Meister Eckhart in der Schweiz

Autor: Pirmin Meier, Historiker und Schriftsteller, Beromünster LU/CH


Meister Eckhart (1260 – 1328) gilt allgemein als der bedeutendste europäische Mystiker. Für den ebenfalls berühmten Thurgauer Mystiker Heinrich Seuse (1295  -1366), mit Einfluss auf Klaus von Flüe, blieb der "heilige meister Eckart" eine Orientierungsgrösse. Von Seuse wäre übrigens diese Woche (26. Januar) der 650. Todestag zu feiern gewesen. Dabei war Eckhart von Hochheim (ca. 1260 – 1328)  nach seiner kirchlichen Verurteilung als Ketzer durch die Bulle In agro dominico vom 27. März 1329 kaum mehr direkt zitierbar. Die Nonnenviten in Adelhausen, Colmar, Weiler bei Esslingen, St. Katharinenthal bei Diessenhofen, Töss bei Winterthur, Oetenbach (Zürich) und St. Gallen sind trotzdem Strahlungsstätten seines Einflusses geworden. Dass er die meisten dieser Frauenklöster in seiner Strassburger Zeit, da er nicht verurteilt war, aufsuchte, bleibt aus spärlichen Überlieferungen grundsätzlich nachweisbar.

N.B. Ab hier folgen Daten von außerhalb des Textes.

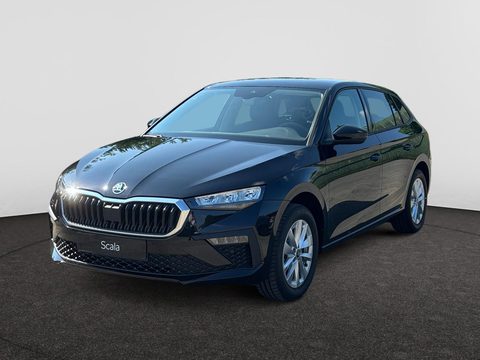 SKODA Scala Scala Family 1,0 TSI 85 kW DSG7 Automaat - 5 jaar garantie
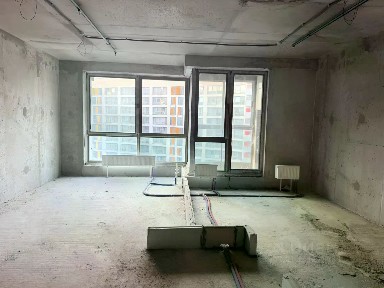 Продаются 2-комн. апартаменты, 46,9 м²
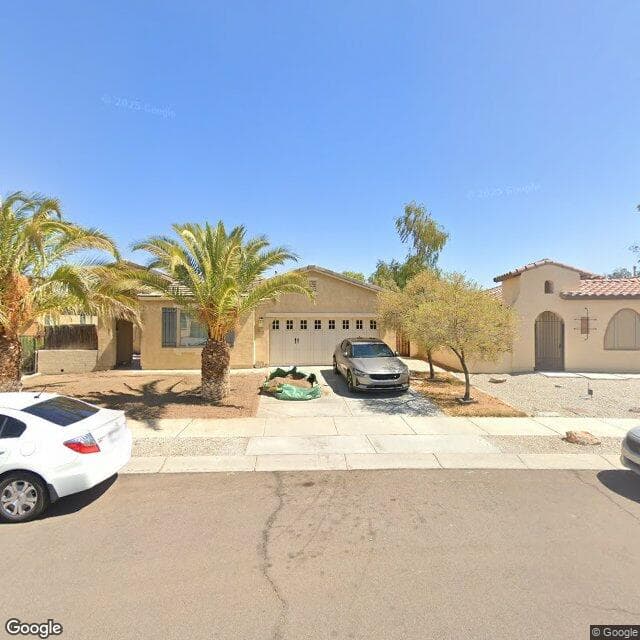 New Beginnings In Phoenix in Goodyear, AZ - Main View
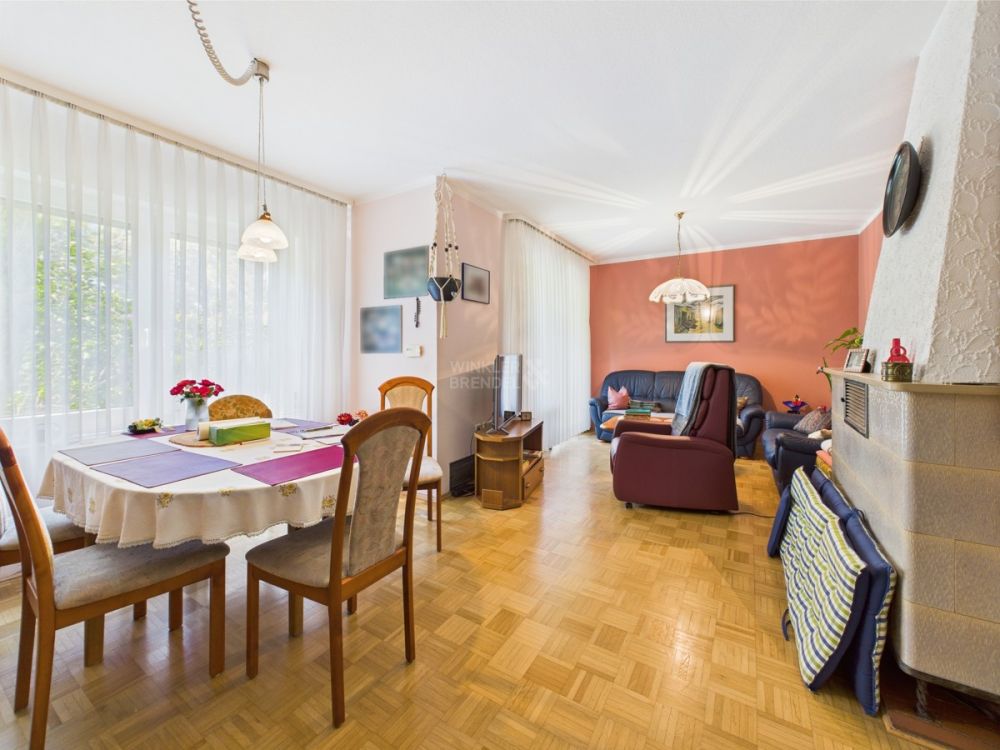 EG Wohnzimmer
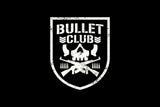 Bullet Club Ring Force Hoodie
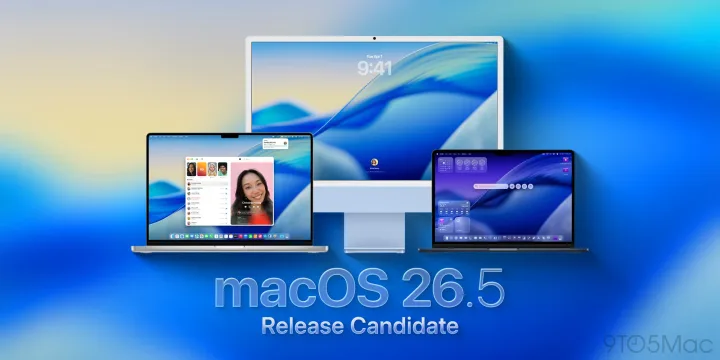 Actualizarea macOS 26.5 aduce stabilitate și opțiuni noi pentru App Store.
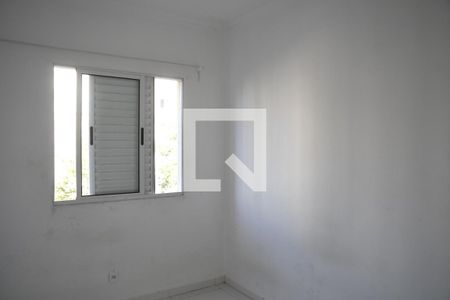 Quarto de apartamento para alugar com 2 quartos, 48m² em Jardim Central, Cotia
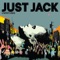 Hold On - Just Jack lyrics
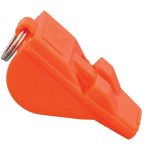 Fischietto survival ACME ACMET2000 Tornado Plastic Orange whistle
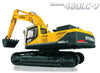 Download Hyundai R480,520LC-9A Excavator Service Repair Manual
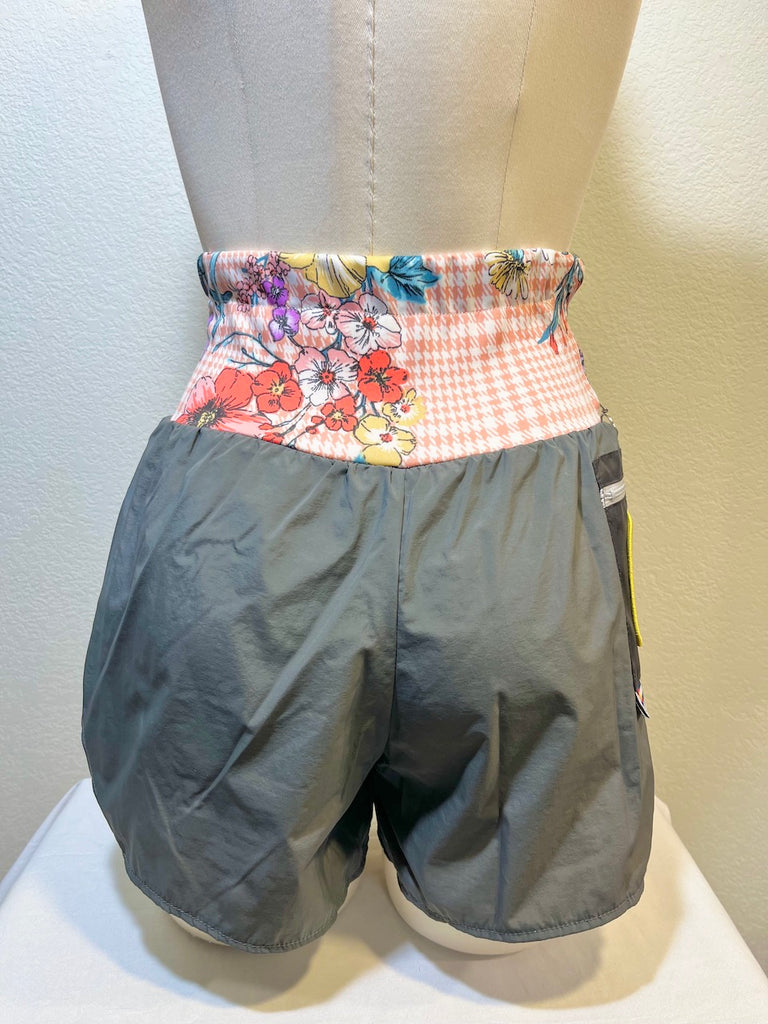 NEW Pro Shorts, Sizes M-XL (Copy) Mine - Vander Jacket | Handmade Eco-Friendly Garments Designed For Runners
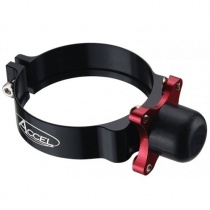 Кнопка старта Accel LC-411 Black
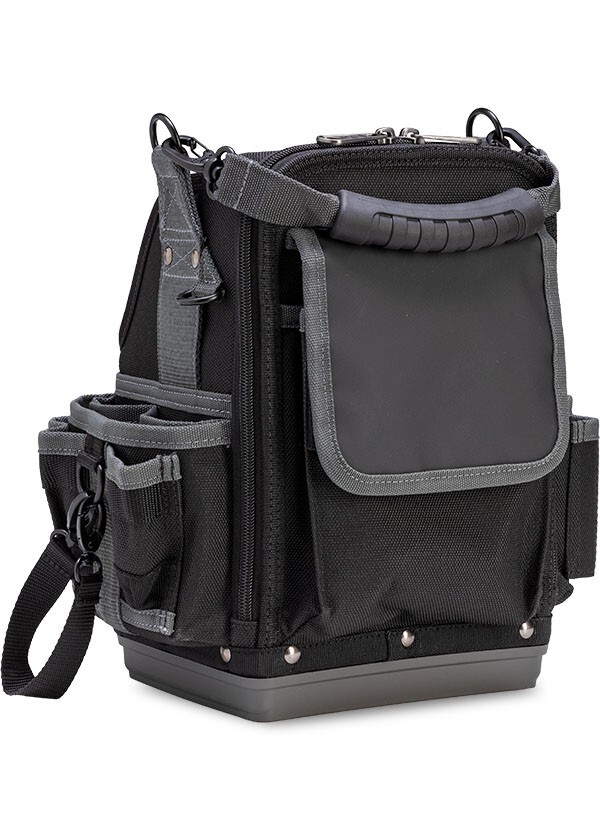 Veto Pro Pac SB-LD Hybrid Tool and Meter Bag, VPP10753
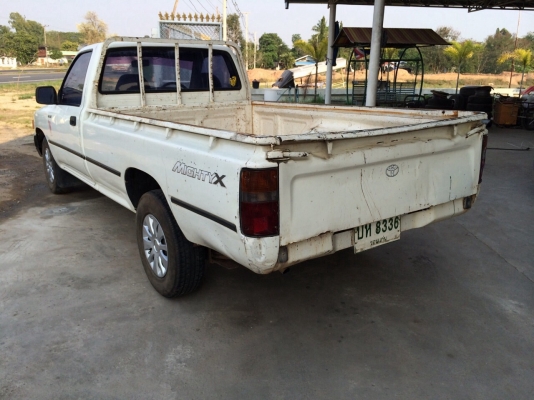 ขาย ไมท์ตี้ เอ็ค ตอนเดียว เดิมๆบางๆ พร้อมลุยงาน ราคาเบาๆ ครับ ขาย ไมท์ตี้ เอ็ค ตอนเดียว เดิมๆบางๆ พร้อมลุยงาน ราคาเบาๆ ครับ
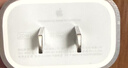 Apple/苹果 原装正品20W type-c充电器 苹果usb-c充电器手机快充头 旗舰店苹果iPhone 17 Pro Max充电器 实拍图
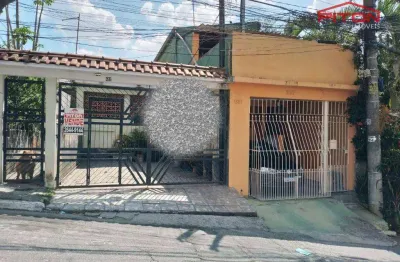 Terreno à venda na Rua Martinho de Sousa, 625, Ermelino Matarazzo, São Paulo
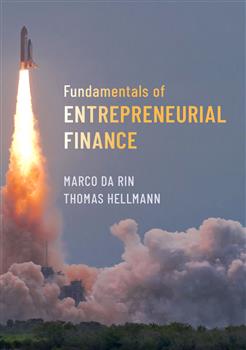 180-day rental: Fundamentals of Entrepreneurial Finance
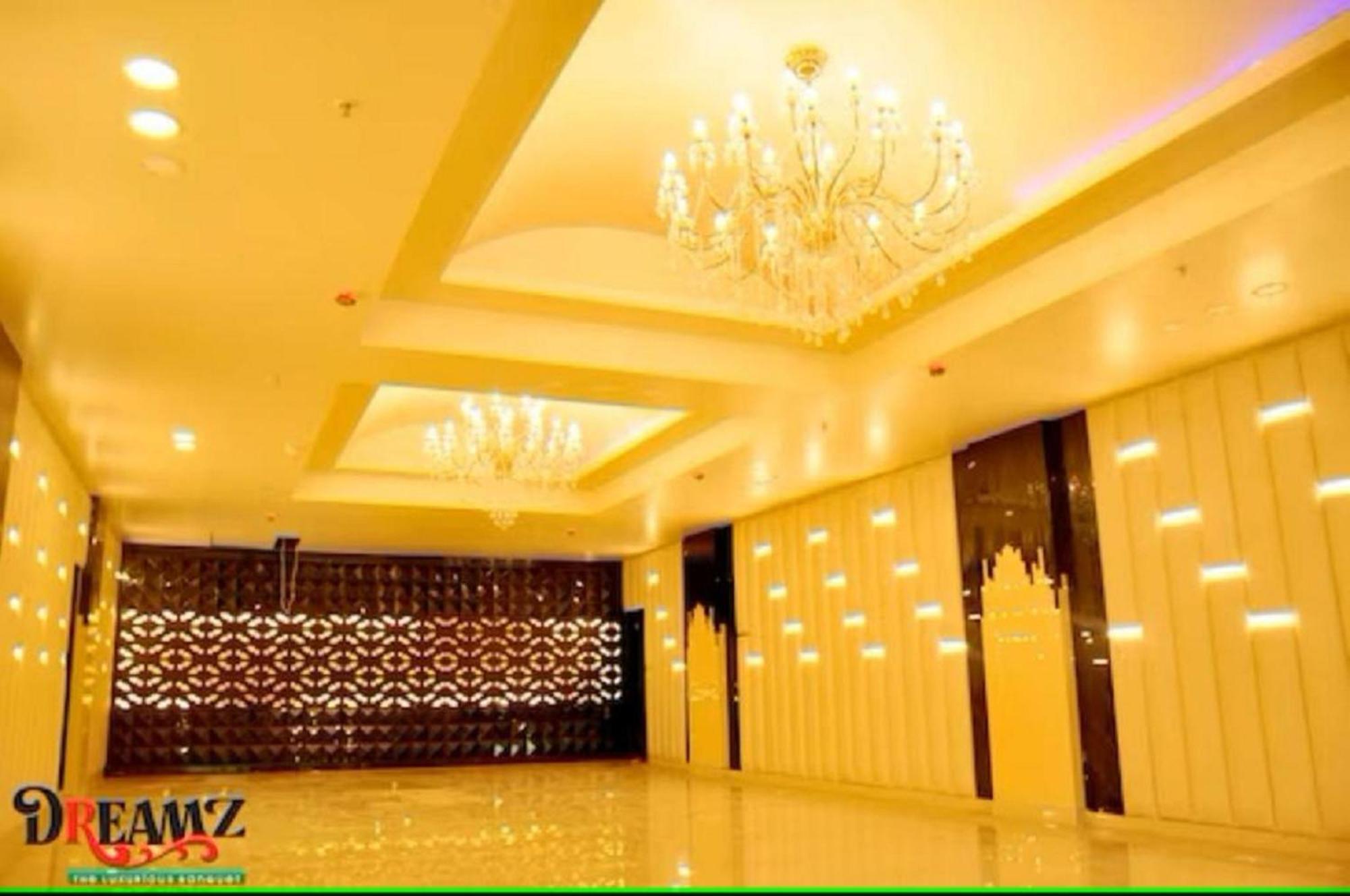 Hisār Hotel Suncity & Restaurant מראה חיצוני תמונה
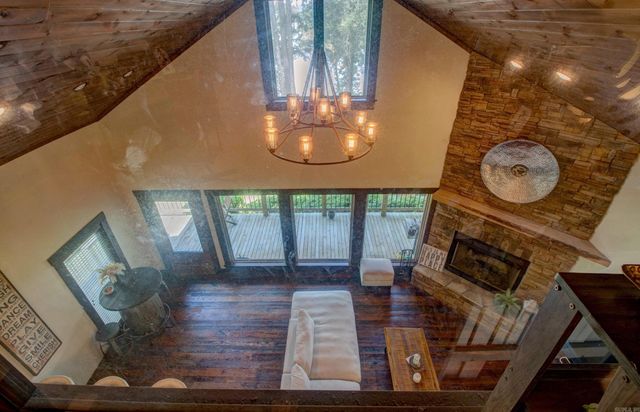 30 Cedar Street, Higden, AR 72067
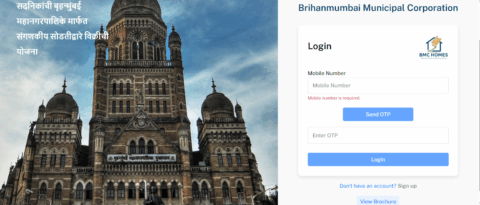 BMC announces housing lottery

Von einem Aufenthalt Eckharts im Inselkloster Konstanz ist zwar nirgends die Rede, aber angesichts weitgehend gesicherter Belege aus St. Katharinenthal, Töss und Oetenbach bleibt ein direkter Kontakt mit einem der bedeutendsten Männerklöster seines Ordens wahrscheinlich. Zu den bedeutenden Lektoren in Konstanz gehörte nebst Seuse der Dominikaner Hugo von Stauffenberg, der wie Seuse in St. Katharinenthal, Töss und Oetenbach seelsorgerisch tätig war. Dies hat auch die Möglichkeit eines geistigen Austausches mit Eckhart nicht ausgeschlossen.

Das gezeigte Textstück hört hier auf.